(no subject)
Mar. 19th, 2016 08:50 amNot sure about the accuracy in places, and I think it oversimplified a few things here and there...but otherwise fun and informative. (Which to be honest is how I feel about 90% of the things I see on the internet. I take all of it with a hefty grain of salt and you, dear readers, should too.) I snagged it from
elsie who snagged it from Tumblr, who snagged it from Youtube. Gotta love the internet...information, valid or not, is just a click away.
no subject
Date: 2016-03-19 01:52 pm (UTC)Watch it this morning, wake up tomorrow, and will you remember anymore Japanese history than before? Personally I'm doubtful.
Instead I recommend slightly more serious videos that are available on everything including Japanese history. Try this video on World War One communications. Too much information again, but at least concentrated on a manageable topic. Full of information you probably don't care about and will never remember, but maybe you get the gist. Maybe the topic of the whole war gets a little less mysterious even as it gets more complex. And if I ask you now what Adolf Hitler did in the first World War and then you watch this, you probably will remember tomorrow and the next day, if not necessarily forever.
no subject
Date: 2016-03-19 02:58 pm (UTC)no subject
Date: 2016-03-19 10:36 pm (UTC)I was discussing this with a friend recently, how many of my co-workers, who are 10-15 years younger than me -- don't know who the Presidents of the US were. Or their history. Some do, a lot don't. They didn't take History or Humanities in school, they focused on important stuff like finance, business, and science. As a result, they are insanely dumb about certain things. And think Fox News, Newsday, and the newspapers are telling the truth. (Sigh).
I see it on lj and social media as well --- a tendency to like the sound-bites. A lack of patience for in-depth information.
And a heavy reliance on fictional re-enactments or retellings.

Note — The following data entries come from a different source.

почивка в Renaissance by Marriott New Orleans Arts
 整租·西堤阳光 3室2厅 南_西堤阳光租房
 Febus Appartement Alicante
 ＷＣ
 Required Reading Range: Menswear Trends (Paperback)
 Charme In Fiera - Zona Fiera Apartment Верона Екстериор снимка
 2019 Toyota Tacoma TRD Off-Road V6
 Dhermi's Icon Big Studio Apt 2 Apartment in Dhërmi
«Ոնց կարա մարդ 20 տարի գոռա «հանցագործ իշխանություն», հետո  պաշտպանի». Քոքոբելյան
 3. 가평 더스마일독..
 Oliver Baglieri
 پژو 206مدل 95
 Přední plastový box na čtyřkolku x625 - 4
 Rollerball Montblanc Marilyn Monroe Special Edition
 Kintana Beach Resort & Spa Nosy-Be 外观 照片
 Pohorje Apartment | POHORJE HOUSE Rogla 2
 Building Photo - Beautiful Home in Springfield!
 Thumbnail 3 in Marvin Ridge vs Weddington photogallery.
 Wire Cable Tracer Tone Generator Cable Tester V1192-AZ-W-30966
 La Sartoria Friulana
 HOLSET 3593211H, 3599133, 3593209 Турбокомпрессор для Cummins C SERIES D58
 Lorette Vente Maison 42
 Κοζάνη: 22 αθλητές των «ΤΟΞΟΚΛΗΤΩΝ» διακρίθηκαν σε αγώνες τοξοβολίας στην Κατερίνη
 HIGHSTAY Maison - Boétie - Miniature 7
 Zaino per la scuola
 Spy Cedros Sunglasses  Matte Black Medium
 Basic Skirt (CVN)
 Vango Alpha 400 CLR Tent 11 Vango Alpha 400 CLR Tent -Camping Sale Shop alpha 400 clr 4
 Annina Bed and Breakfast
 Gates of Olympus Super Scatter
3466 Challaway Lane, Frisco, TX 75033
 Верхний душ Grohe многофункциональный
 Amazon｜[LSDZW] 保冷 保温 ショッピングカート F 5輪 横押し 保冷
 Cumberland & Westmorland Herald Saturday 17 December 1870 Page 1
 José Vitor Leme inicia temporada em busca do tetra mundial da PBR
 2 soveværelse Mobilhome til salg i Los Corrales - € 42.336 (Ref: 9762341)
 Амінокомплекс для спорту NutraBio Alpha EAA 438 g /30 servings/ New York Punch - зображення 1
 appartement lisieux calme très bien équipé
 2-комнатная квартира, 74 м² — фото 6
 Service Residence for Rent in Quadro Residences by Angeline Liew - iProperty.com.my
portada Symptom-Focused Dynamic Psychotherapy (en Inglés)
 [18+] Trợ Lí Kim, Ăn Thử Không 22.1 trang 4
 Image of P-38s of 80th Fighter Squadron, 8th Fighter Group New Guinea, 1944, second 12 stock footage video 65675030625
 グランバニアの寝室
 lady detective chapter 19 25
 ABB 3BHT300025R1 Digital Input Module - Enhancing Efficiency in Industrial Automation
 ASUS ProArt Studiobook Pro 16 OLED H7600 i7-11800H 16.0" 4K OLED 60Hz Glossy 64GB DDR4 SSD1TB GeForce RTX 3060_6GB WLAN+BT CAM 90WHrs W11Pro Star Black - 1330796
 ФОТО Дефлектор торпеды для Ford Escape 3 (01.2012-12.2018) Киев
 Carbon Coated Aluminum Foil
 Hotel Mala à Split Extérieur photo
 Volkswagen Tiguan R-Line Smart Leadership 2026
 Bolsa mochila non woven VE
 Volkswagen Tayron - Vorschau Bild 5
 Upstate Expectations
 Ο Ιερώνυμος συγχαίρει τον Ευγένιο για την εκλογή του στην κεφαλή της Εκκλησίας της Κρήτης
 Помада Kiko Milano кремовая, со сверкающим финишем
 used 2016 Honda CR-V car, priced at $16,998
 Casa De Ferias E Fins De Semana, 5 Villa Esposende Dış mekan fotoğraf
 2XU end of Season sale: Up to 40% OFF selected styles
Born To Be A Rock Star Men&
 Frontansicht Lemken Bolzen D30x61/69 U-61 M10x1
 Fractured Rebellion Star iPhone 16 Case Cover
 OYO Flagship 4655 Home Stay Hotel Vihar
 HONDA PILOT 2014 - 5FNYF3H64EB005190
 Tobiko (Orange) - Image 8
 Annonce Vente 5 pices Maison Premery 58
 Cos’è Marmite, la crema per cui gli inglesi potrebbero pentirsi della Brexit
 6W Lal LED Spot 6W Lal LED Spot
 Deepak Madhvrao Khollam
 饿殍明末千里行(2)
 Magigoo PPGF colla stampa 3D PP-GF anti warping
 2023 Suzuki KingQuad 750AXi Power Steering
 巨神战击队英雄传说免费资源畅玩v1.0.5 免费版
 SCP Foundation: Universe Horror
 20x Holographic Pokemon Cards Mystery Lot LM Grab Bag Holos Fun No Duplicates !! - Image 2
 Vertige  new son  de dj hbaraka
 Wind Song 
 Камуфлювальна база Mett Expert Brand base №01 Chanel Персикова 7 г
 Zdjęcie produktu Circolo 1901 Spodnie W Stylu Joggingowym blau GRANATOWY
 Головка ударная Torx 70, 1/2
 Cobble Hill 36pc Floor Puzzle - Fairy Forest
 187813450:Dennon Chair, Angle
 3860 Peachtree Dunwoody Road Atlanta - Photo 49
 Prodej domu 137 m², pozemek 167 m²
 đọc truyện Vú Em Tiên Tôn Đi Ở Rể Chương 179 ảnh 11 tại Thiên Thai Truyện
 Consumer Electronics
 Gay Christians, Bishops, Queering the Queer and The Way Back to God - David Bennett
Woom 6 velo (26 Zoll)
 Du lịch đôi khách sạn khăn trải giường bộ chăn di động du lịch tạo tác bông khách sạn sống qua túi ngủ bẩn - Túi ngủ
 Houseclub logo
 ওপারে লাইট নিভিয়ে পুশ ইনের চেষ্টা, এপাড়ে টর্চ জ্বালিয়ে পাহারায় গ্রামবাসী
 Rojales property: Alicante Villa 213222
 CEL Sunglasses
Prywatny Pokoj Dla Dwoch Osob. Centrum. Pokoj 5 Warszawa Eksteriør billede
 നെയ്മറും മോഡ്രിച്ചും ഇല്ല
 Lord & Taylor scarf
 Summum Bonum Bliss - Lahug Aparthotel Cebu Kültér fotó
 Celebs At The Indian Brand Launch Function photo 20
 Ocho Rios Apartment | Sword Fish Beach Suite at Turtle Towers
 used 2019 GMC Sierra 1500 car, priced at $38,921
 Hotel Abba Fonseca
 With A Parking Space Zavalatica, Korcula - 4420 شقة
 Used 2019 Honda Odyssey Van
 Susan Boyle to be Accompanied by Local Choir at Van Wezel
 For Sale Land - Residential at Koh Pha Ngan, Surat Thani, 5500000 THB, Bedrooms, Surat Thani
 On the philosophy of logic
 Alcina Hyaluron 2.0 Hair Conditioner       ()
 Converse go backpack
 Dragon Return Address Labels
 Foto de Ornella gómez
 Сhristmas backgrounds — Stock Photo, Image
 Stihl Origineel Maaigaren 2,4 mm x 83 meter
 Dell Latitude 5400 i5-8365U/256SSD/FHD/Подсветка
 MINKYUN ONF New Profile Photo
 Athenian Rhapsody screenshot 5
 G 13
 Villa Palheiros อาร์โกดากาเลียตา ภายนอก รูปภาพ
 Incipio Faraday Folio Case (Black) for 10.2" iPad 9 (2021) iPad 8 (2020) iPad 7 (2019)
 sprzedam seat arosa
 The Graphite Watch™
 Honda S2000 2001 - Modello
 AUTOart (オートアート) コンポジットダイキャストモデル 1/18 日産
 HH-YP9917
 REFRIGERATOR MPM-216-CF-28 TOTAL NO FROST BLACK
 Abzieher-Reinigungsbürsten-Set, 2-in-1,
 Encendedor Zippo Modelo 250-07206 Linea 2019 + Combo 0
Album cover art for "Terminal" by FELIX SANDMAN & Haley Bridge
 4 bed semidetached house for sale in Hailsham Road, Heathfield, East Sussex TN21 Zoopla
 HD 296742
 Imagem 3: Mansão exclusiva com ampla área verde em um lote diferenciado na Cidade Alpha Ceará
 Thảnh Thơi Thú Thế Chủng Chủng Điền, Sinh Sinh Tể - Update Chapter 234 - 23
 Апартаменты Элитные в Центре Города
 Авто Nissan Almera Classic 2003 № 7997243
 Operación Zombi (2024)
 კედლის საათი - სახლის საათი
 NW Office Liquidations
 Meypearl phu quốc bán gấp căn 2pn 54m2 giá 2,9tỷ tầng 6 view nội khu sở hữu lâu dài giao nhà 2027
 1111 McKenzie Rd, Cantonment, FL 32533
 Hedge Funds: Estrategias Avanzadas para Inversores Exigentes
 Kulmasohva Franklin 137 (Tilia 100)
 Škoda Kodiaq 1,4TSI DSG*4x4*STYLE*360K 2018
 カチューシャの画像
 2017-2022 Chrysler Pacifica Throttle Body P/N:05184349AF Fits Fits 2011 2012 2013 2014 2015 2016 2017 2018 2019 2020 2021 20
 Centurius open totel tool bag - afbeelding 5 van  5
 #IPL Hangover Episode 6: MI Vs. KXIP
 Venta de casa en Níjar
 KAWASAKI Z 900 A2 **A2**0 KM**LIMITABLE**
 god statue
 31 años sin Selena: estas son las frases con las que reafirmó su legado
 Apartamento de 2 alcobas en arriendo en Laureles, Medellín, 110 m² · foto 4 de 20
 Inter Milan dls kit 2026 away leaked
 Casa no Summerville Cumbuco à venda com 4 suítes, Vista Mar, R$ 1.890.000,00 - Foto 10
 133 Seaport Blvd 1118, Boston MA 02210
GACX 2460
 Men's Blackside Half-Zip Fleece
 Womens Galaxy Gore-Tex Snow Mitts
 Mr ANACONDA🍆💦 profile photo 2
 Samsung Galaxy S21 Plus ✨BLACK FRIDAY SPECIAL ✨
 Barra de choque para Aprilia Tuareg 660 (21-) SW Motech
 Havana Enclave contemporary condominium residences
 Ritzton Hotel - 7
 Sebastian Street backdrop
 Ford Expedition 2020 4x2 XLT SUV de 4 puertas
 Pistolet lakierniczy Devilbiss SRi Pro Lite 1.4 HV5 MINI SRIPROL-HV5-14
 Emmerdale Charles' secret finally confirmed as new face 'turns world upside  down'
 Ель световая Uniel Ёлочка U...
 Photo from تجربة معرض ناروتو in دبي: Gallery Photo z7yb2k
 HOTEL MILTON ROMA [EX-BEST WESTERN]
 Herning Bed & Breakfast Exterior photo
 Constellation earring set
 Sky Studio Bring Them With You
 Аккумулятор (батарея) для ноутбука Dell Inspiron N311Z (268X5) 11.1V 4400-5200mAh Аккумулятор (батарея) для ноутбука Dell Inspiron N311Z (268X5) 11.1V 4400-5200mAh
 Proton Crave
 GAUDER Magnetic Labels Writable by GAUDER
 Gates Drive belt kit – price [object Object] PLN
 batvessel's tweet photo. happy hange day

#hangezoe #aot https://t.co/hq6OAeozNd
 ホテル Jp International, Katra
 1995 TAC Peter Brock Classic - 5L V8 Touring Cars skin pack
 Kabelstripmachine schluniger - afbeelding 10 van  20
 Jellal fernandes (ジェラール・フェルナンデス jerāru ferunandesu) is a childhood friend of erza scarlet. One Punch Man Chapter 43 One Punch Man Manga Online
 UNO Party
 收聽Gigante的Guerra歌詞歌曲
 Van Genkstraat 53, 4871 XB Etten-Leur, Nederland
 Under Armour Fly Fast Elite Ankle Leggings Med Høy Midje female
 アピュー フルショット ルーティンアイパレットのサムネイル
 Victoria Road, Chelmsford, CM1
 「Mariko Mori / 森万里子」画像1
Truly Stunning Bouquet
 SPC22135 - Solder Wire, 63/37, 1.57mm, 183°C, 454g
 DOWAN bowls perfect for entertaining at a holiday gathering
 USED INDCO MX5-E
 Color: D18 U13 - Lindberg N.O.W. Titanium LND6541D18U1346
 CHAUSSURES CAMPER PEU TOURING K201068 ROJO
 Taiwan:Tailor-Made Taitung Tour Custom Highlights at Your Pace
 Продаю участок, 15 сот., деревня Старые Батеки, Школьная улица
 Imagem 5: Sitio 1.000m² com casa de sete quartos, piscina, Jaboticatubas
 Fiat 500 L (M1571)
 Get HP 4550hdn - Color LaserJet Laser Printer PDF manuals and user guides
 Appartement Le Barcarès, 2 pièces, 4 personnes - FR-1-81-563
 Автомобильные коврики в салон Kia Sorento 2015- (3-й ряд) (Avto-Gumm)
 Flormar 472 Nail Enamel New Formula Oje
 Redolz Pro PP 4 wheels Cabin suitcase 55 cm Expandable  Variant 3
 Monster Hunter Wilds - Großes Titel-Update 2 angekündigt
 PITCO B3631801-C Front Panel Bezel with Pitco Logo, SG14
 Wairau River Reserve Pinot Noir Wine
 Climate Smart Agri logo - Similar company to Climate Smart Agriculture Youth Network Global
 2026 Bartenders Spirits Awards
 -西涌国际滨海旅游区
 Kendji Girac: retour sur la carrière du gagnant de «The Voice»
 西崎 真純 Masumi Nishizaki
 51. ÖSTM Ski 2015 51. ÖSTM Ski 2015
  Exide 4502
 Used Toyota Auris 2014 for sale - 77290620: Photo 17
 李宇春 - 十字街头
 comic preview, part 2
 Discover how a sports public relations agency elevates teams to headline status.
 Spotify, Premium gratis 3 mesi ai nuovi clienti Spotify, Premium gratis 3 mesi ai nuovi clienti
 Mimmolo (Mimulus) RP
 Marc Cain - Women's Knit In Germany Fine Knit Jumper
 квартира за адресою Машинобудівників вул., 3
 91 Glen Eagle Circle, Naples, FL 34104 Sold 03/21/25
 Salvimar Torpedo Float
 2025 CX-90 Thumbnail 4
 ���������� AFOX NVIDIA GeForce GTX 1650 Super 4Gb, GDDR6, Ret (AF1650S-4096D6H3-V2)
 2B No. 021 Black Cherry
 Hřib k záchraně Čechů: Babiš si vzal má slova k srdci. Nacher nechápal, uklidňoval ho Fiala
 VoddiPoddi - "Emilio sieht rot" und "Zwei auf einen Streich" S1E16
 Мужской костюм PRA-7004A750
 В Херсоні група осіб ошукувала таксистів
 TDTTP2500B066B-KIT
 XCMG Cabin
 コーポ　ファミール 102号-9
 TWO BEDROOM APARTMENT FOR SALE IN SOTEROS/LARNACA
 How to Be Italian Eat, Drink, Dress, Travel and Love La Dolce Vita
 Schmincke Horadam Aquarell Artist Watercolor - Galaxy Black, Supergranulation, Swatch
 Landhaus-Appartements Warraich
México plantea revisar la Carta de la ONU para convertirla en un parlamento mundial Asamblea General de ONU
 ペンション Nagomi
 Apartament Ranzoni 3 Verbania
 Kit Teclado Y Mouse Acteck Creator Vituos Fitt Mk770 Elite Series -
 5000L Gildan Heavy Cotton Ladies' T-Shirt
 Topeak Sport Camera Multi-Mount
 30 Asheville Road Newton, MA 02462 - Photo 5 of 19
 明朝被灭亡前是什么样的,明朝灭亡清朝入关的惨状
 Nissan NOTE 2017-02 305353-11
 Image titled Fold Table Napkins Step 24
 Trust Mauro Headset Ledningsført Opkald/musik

There's a great article in the New Yorker about Google and the death of factual information:
Entitled the End of Facts (http://www.newyorker.com/magazine/2016/03/21/the-internet-of-us-and-the-end-of-facts?mbid=social_facebook) -- which gets across how information becomes warped via social media and through the internet.
It's hard to be clear on what is true. I mean the video on Japan is most likely accurate, but it has taken some incredibly complicated information from another culture, and reduced it to fun sound-bites palpable to a Western audience.
Not that there is anything wrong with that per se, but like you said -- the danger is the viewer won't dig deeper. Most won't, unless their interest is sparked.